On June 28, the Washington State Hospital Association (WSHA) recognized 13 hospitals from across the state for participating in its Critical Access Hospital Achievement of Quality Excellence Program and delivering outstanding care to their communities. The association recognized the hospitals at its Rural Hospital Leadership Conference at Campbell’s Resort in Chelan.
The participating hospitals worked on quality improvement projects and submitted data on up to 14 quality improvement measures. These measures included antibiotic stewardship, reducing diagnostic errors, preventing patient falls and working to address social determinants of health.
The hospitals recognized in 2023 were:
- Arbor Health (Morton)
- Astria Sunnyside Hospital (Sunnyside)
- Columbia Basin Hospital (Ephrata)
- East Adams Rural Healthcare (Ritzville)
- Lincoln Hospital (Davenport)
- Lourdes Medical Center (Pasco)
- North Valley Hospital (Tonasket)
- Ocean Beach Hospital & Medical Clinics (Ilwaco)
- Providence Mount Carmel Hospital (Colville)
- Providence St. Joseph’s Hospital (Chewelah)
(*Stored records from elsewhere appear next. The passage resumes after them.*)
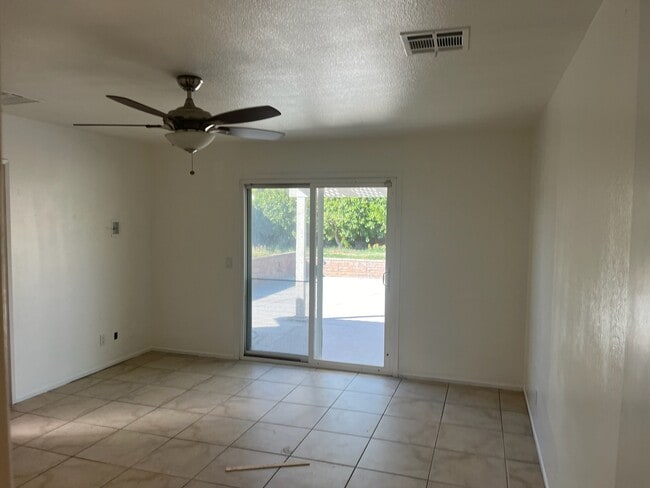 Photo - 67760 Garbino Rd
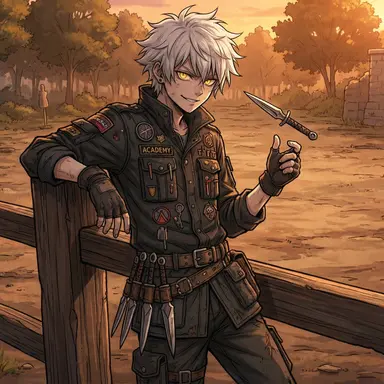 Profile image of 핀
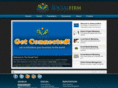 thesocialfirm.com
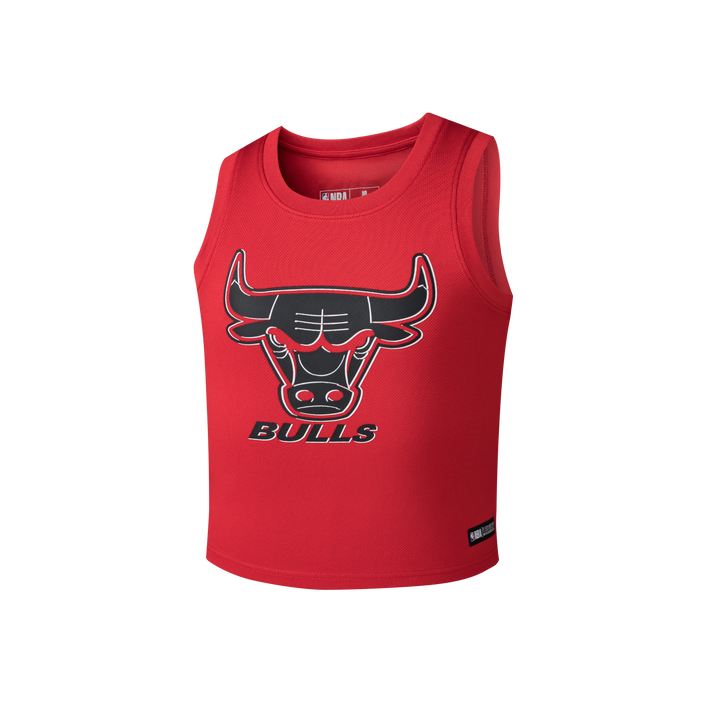 FANATICS NIÑO CONJ. DE SHORT DE LA NBA BALLIN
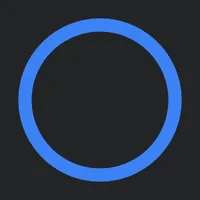 Octocom AI Support logo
- St. Elizabeth Hospital (Enumclaw)
- Summit Pacific Medical Center (Elma)
- Willapa Harbor Hospital (South Bend)
While hospitals regularly submit data and participate in quality improvement initiatives, this is the association’s first year offering a special recognition program to critical access hospitals to honor their work and participation in tracking their performance. Critical access hospitals are those that have 25 or fewer beds, are located more than 35 miles from another hospital, maintain an average length of stay of 96 hours or less for acute care patients and provide 24/7 emergency care services.
“WSHA’s Critical Access Hospital Achievement of Quality Excellence Program offers a new way to recognize our smallest and most rural hospitals for their work ensuring outstanding care to their communities,” said Darcy Jaffe, WSHA senior vice president of safety and quality. “There are so many elements that constitute quality care, requiring lots of meaningful collaboration and communication at the bedside as well as larger review of trends to identify areas for improvement. These hospitals have shown that they are up for the task.”